Zum 1. März 2019 hat der AK Willkommen seine Webseite auf eine neue Plattform migriert, da die ehemalige Umgebung keine mobilen Geräte unterstützte und auch nicht mehr weiterentwickelt wurde. Als ehrenamtlich betriebene Organisation entschied sich der AK Willkommen für die kostenlose Option der gängigen Software WordPress.
Die unter der Rubrik „Presse“ gelisteten Pressemeldungen des AK Willkommen und die dort dokumentierten Online-Veröffentlichungen spiegeln die Aktivitäten, Maßnahmen und Erfolge des AK Willkommen wider:
- http://ak-willkommen.org/presse/pressemeldungen/,
- http://ak-willkommen.org/presse/veroeffentlichungen/.
Was möchte der AK Willkommen in den kommenden Jahren erreichen?
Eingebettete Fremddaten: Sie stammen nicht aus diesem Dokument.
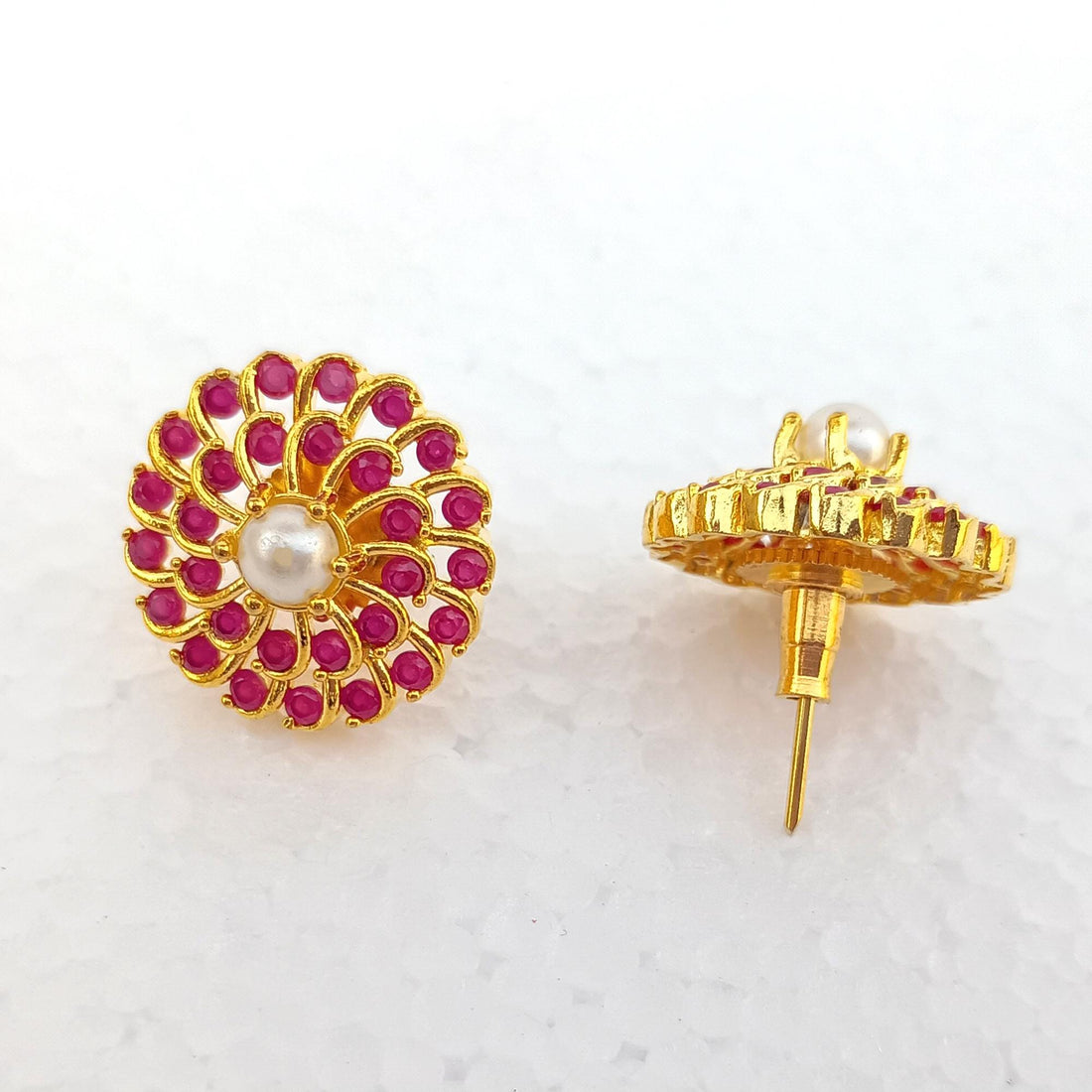 Ruby Pearl Stud Earrings: Gold Plated Art Deco Wedding Jewelry — 2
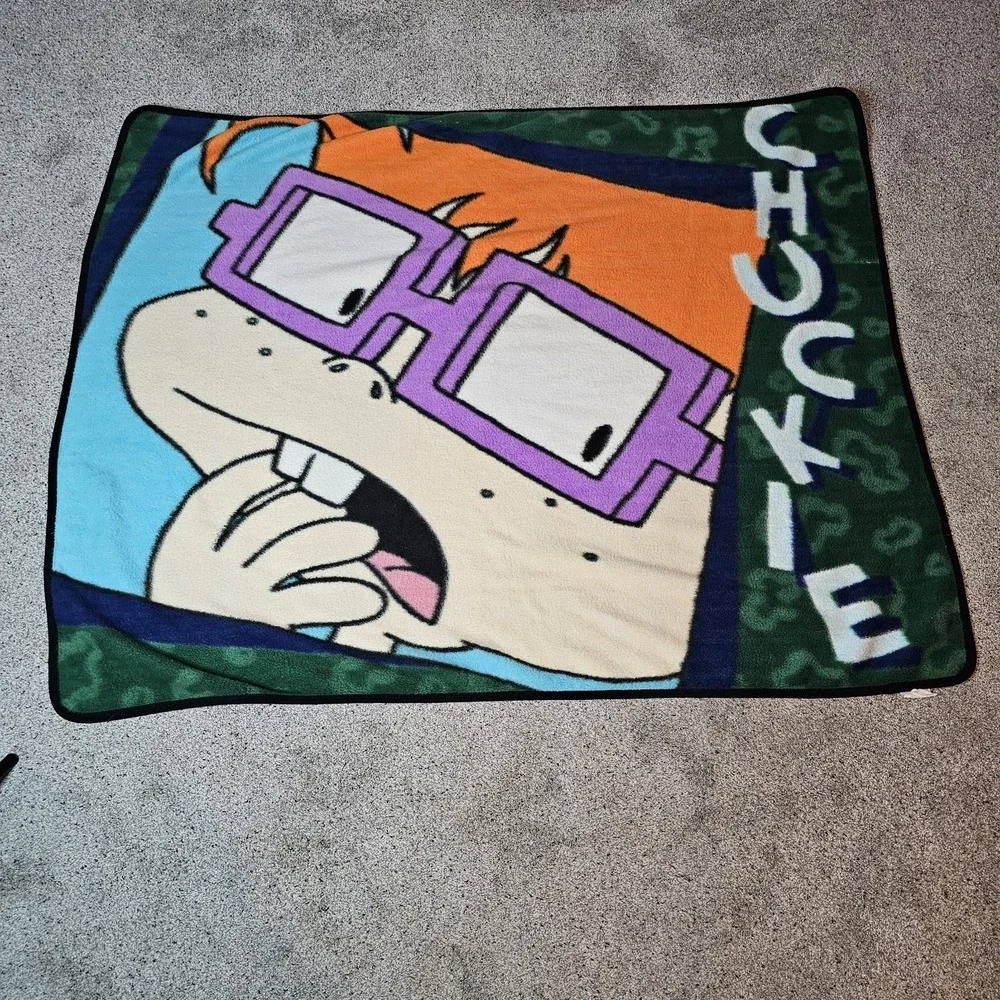 Vintage Rare 1998 Rugrats Fleece Throw Blanket ~ CHUCKIE 90's Nickelodeon 50x60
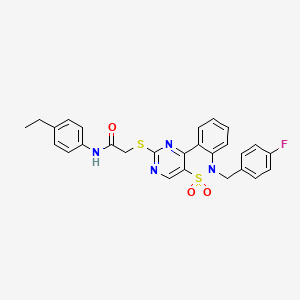 molecular formula C27H23FN4O3S2 B2786878 N-(4-ethylphenyl)-2-({9-[(4-fluorophenyl)methyl]-8,8-dioxo-8lambda6-thia-3,5,9-triazatricyclo[8.4.0.0^{2,7}]tetradeca-1(14),2(7),3,5,10,12-hexaen-4-yl}sulfanyl)acetamide CAS No. 895098-42-7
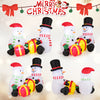 Cute 5-foot inflatable snowmen with gift boxes, pre-lit with LED lights for festive indoor and outdoor holiday decor.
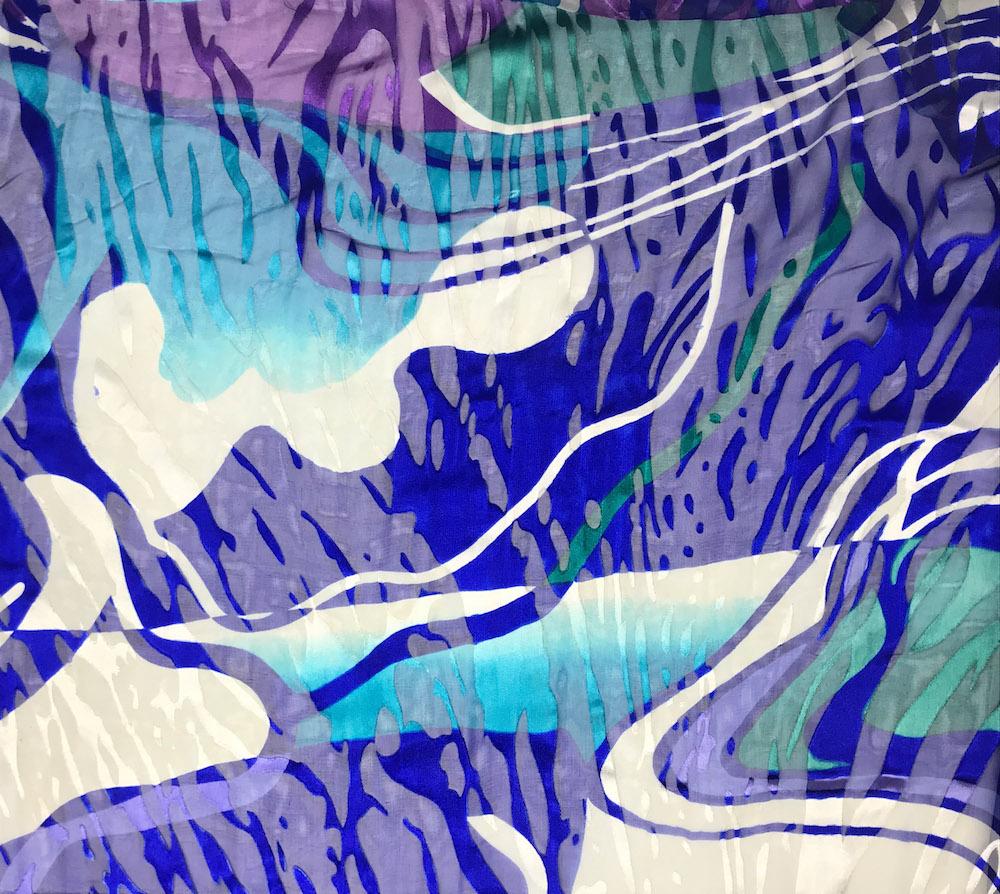 Wavy Burnout Printed Silk Chiffon - Image 3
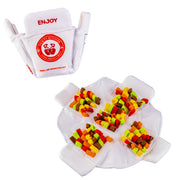 White pet food packaging with colorful dog treats and 'Enjoy' label on a white background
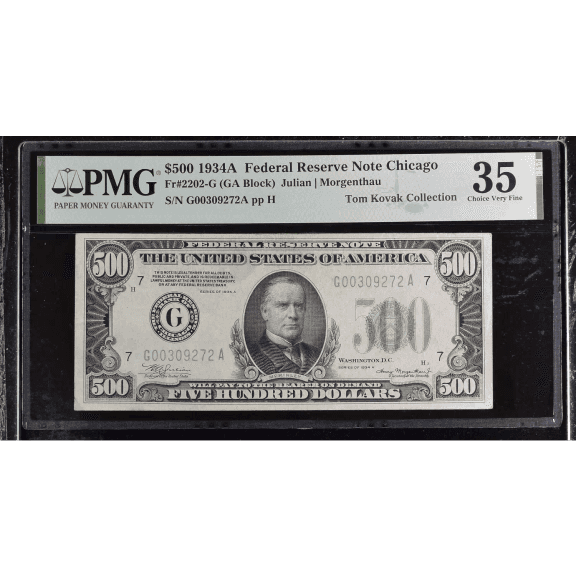 $500 1934-A FRN Fr. 2202-G FIVE HUNDRED Chicago GREAT VALUE PMG Ch Very Fine 35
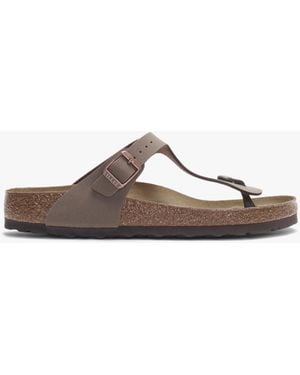 Birkenstock Gizeh Birko-Flor Mocca Toe Post Sandals , Fabric - White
Aktuell leben in Seligenstadt rund 300 Geflüchtete. Es sind
- Asylbewerber, Geduldete, Anerkannte, Abgelehnte, die auf ihre Abschiebung warten
- Geflüchtete, die arbeiten dürfen oder Arbeit haben
- Geflüchtete, die nicht arbeiten dürfen
- Geflüchtete, die auf eine Wohnung warten
Die meisten von ihnen leben in Gemeinschaftsunterkünften. Das langjährige Zusammenleben auf engstem Raum schafft soziale Probleme und birgt Gefahren für die Sicherheit – eine Situation von zunehmender Brisanz. Das Thema Wohnen beschäftigt den AK Willkommen daher sehr, aber nicht nur dieses. In allen Bereichen der Integration gibt es noch viel zu tun:
- Sprachförderung
- Ausbildung
- Arbeit
- Wohnen
- Kommunikation.
Nach der Migration und Neugestaltung der Website möchte der AK Willkommen die vielfältigen neuen Möglichkeiten nutzen, zudem die Webseite nach und nach auf einen aktuelleren Stand bringen. Vervollständigt werden soll dabei auch das Beitragsarchiv, das einen Rückblick auf die Aktivitäten und das vielfältige Engagement des AK Willkommen erlaubt.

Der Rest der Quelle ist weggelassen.